# Exercise description
When you transcribe the lines below, keep every word the same and leave the pictures behind.

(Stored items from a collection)
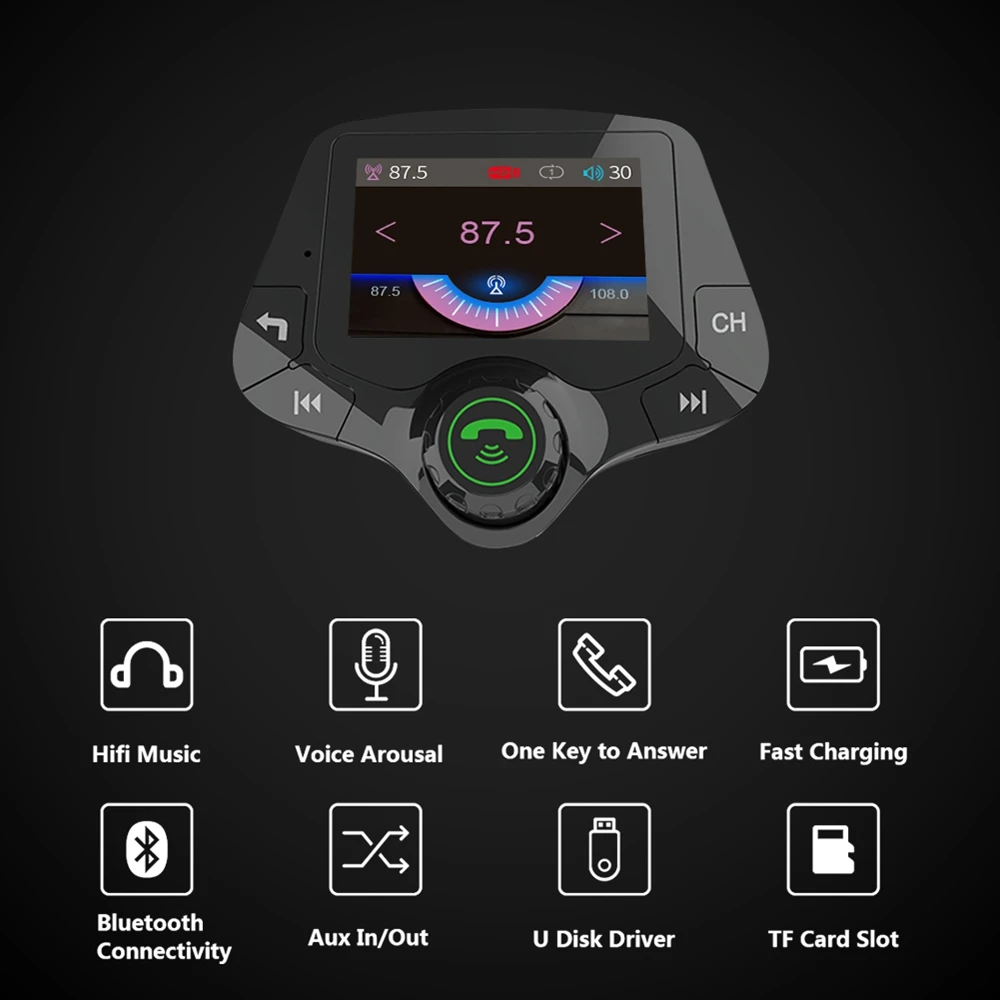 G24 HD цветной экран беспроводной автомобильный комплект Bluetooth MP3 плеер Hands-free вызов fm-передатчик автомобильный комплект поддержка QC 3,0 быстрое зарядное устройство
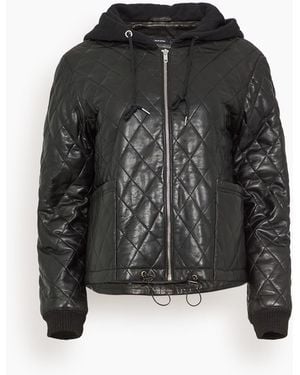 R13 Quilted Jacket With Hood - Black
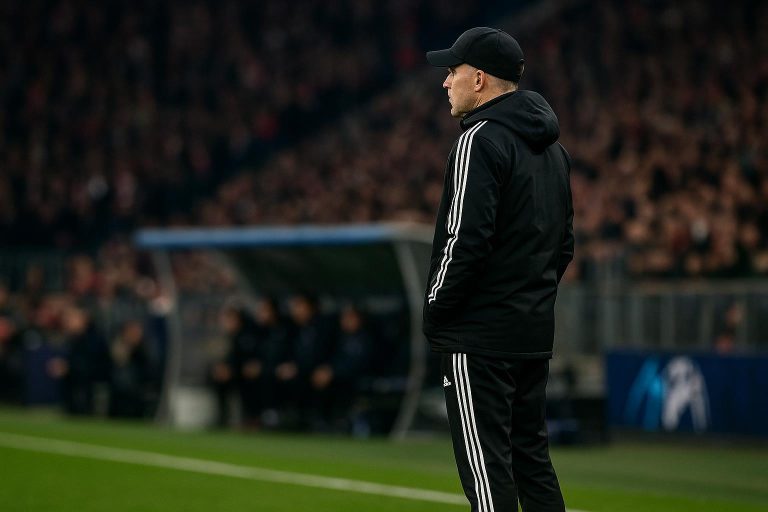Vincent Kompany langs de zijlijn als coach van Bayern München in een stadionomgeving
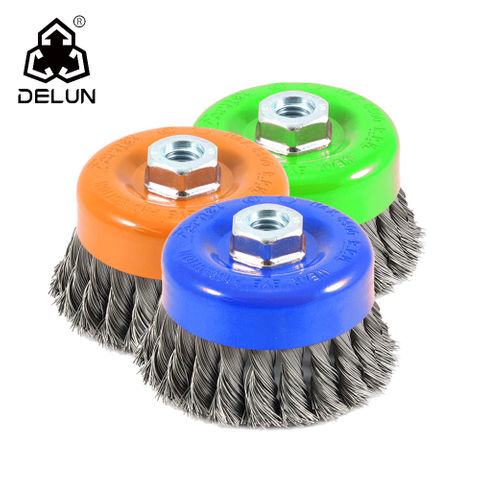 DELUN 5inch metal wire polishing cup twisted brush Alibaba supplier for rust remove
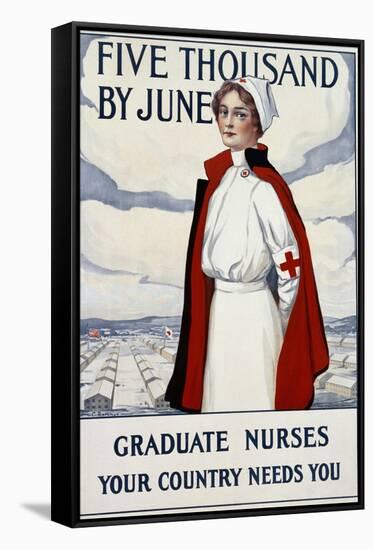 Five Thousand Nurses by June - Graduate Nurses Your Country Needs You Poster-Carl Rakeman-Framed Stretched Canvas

# Output below
 G24 HD цветной экран беспроводной автомобильный комплект Bluetooth MP3 плеер Hands-free вызов fm-передатчик автомобильный комплект поддержка QC 3,0 быстрое зарядное устройство
 R13 Quilted Jacket With Hood - Black
Vincent Kompany langs de zijlijn als coach van Bayern München in een stadionomgeving
 DELUN 5inch metal wire polishing cup twisted brush Alibaba supplier for rust remove
 Five Thousand Nurses by June - Graduate Nurses Your Country Needs You Poster-Carl Rakeman-Framed Stretched Canvas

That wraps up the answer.